Utilizar a missa para divulgar candidaturas de políticos ou defender nomes ou siglas enquanto movimento da Igreja Católica é atitude reprovada pelo arcebispo de Londrina, dom Albano Cavalin. Na edição de domingo da Folha, o vice-tesoureiro do Conselho de Leigos, Miguel Ramos, declarou que o Conselho está se movimentando para apoiar 10 candidatos católicos, entre os 311 que disputam uma das 18 vagas para vereador nas eleições de outubro. Os candidatos seriam escolhidos pelos próprios católicos em eleição extra-oficial nas paróquias.
''A Igreja de Londrina, porque é mãe espiritual de todos os seus filhos, não define nessa matéria, que é livre deste ou daquele candidato. Grupos de leigos, não usando nome oficial de Igreja, podem ter suas preferências'', definiu dom Albano. Ele informou que, na manhã de ontem, o tema foi debatido e o consenso é de que o laicato (organização oficial dos leigos) organizado não deve fazer campanha política. ''Que eles usem outro nome, como leigos entusiasmados, ou o que preferirem'', sugeriu o arcebispo.
Dom Albano frisou que respeita a liberdade de escolha política de cada leigo. ''Quero respeitar a liberdade de escolha política, mas não comprometer toda a Igreja. Eu já soube que outras paróquias estão fazendo as suas reuniões, não aceitando essa colocação (do apoio do Conselho de Leigos)''. A intenção do Conselho de arrecadar 10% do salário dos candidatos eleitos também não foi vista com bons olhos pelo arcebispo. Ele disse que os integrantes do conselho seriam avisados para não utilizar o nome do movimento de leigos com esta intenção.
O membro do Conselho, Miguel Ramos (que é filiado ao PHS) ponderou que as missas não serão utilizadas para divulgar nomes dos candidatos. Ele detalhou que há mais de 50 candidatos ligados à Igreja Católica e, destes, serão escolhidos 10 em eleição interna. O objetivo é concentrar os votos em 3 de outubro, aumentando a chance de eleger os candidatos católicos. ''Sei que a Igreja enquanto entidade não pode apoiar candidatos'', comentou.
Entretanto, Ramos disse que pretende utilizar encontros de jovens, reuniões de pastorais e de outros movimentos católicos para divulgar os nomes dos pleiteantes escolhidos. ''Se dom Albano concordar, queremos levar os candidatos nas reuniões dos grupos e pastorais para exporem suas idéias'', afirmou. Ele descreveu também que quer a colaboração da Igreja para a cessão de um local para a realização da eleição interna e das reuniões do grupo. Nova reunião está agendada para sexta-feira, às 19h30, no Centro Pastoral.

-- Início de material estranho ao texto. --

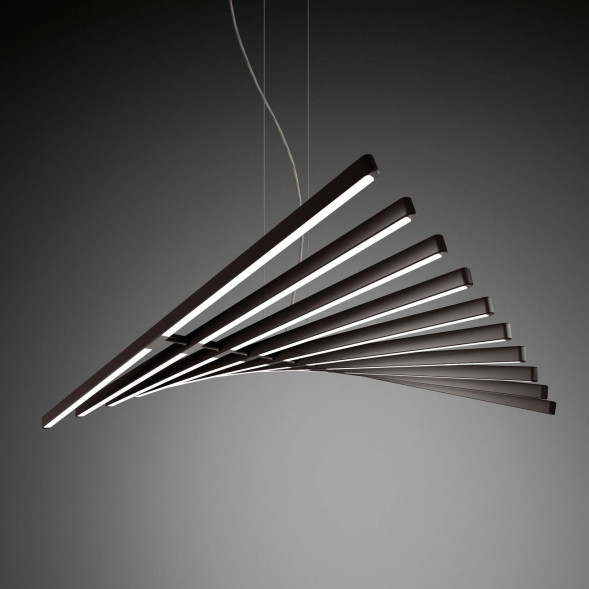 Подвесной светильник Vibia Rhythm 2122 14 /13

Sobre a intenção de pedir a doação de 10% dos rendimentos dos vereadores eleitos que forem apoiados pelo movimento, Ramos justificou que eles pretendem fazer um jornalzinho para distribuir nas paróquias sobre as ações de todos os vereadores. ''Isso tem custo'', justificou. Ele disse ainda que não existe formação política entre os leigos, fato que o Conselho pretende mudar. ''Queremos fundar uma escola de Fé e Política também com o dinheiro das doações''.
Ramos comentou que, se a doação gerar brigas, a quantia pode ser diminuída ou até excluída. Em princípio, apenas candidatos leigos seriam apoiados pelo Conselho. ''O conselho é de leigos mas, se a maioria optar por incluir candidatos padres, podemos mudar'', sintetizou.
O processo defendido pelo Conselho de Leigos, por enquanto, exclui apoio à candidatura do Padre Manuel Joaquim (PPS), que está licenciado do cargo. Exclui ainda os candidatos católicos que concorrem à reeleição na Câmara de Vereadores.